**RECORDS SUPPLIED:**
══════

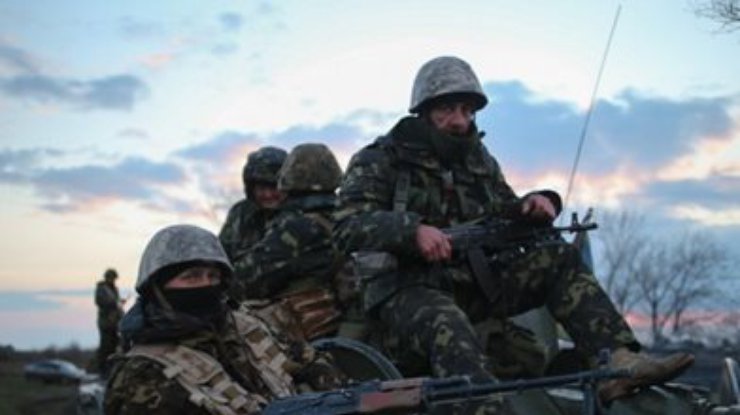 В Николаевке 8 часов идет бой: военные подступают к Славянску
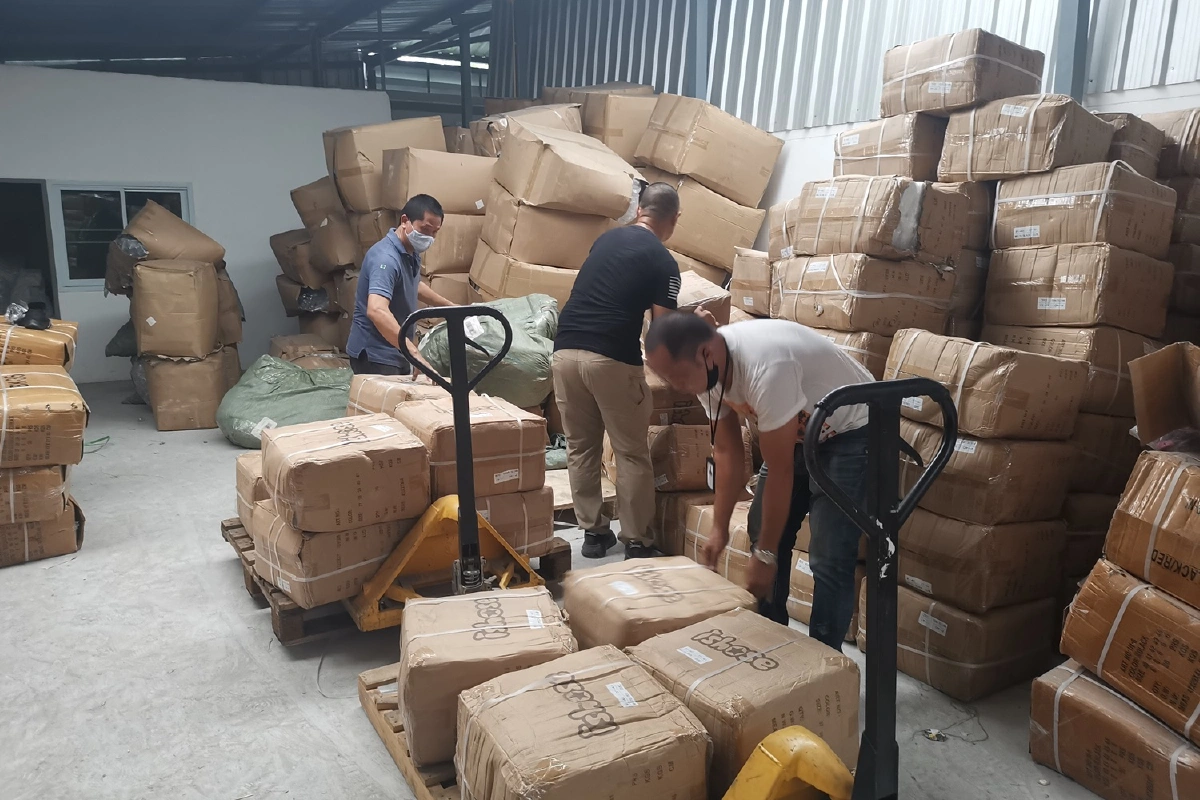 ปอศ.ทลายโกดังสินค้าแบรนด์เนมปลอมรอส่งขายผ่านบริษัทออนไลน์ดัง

══════

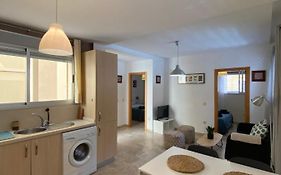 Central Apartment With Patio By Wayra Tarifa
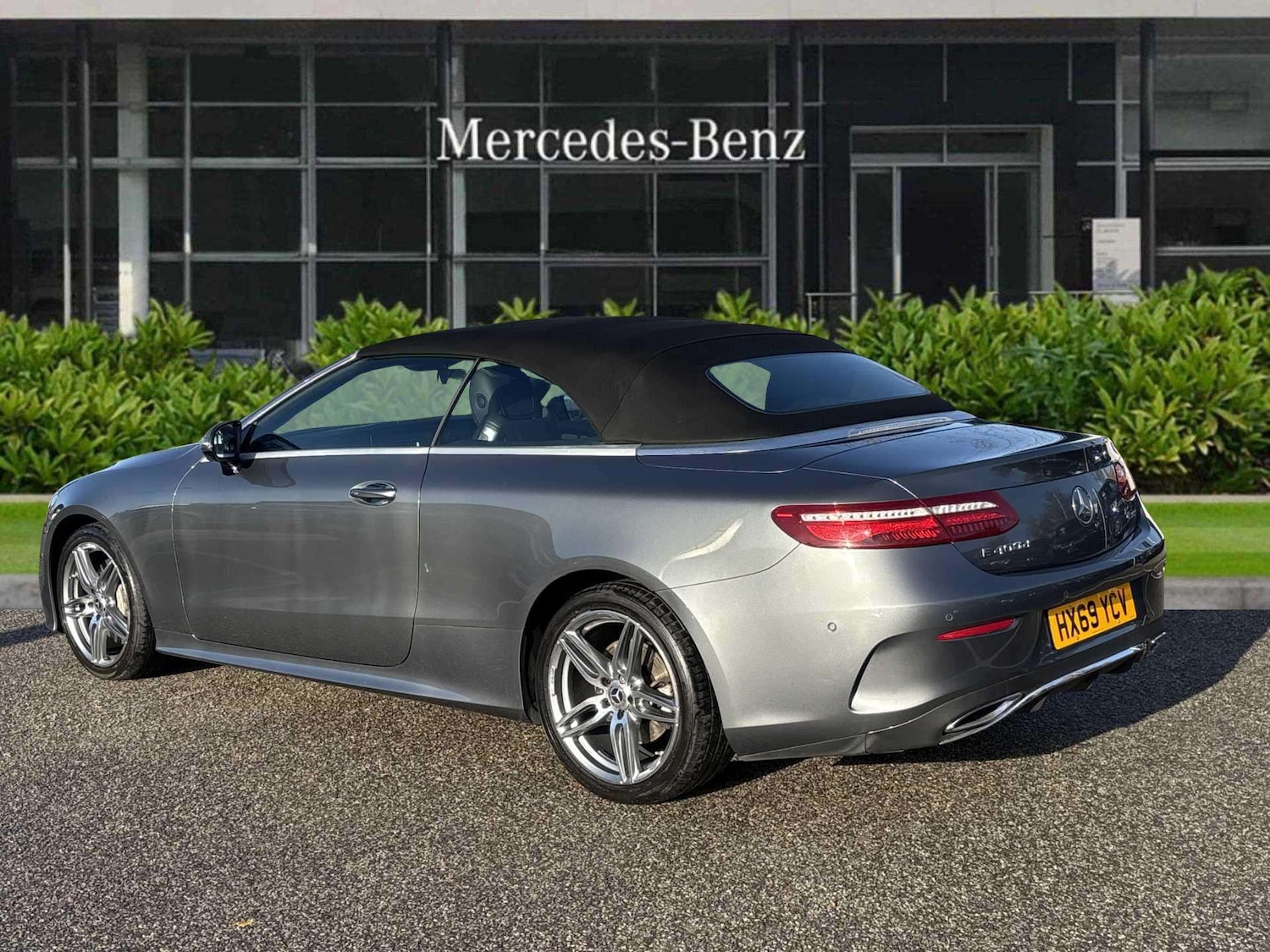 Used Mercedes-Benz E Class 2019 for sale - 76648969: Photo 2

══════

**WORK INSTRUCTION:**
Although the records hold pictures, the copy must not; give again exactly the lines from the one with "В Николаевке 8" through the one with "ปอศ.ทลายโกดังส".

**SOLUTION TO THE EXERCISE:**
 В Николаевке 8 часов идет бой: военные подступают к Славянску
 ปอศ.ทลายโกดังสินค้าแบรนด์เนมปลอมรอส่งขายผ่านบริษัทออนไลน์ดัง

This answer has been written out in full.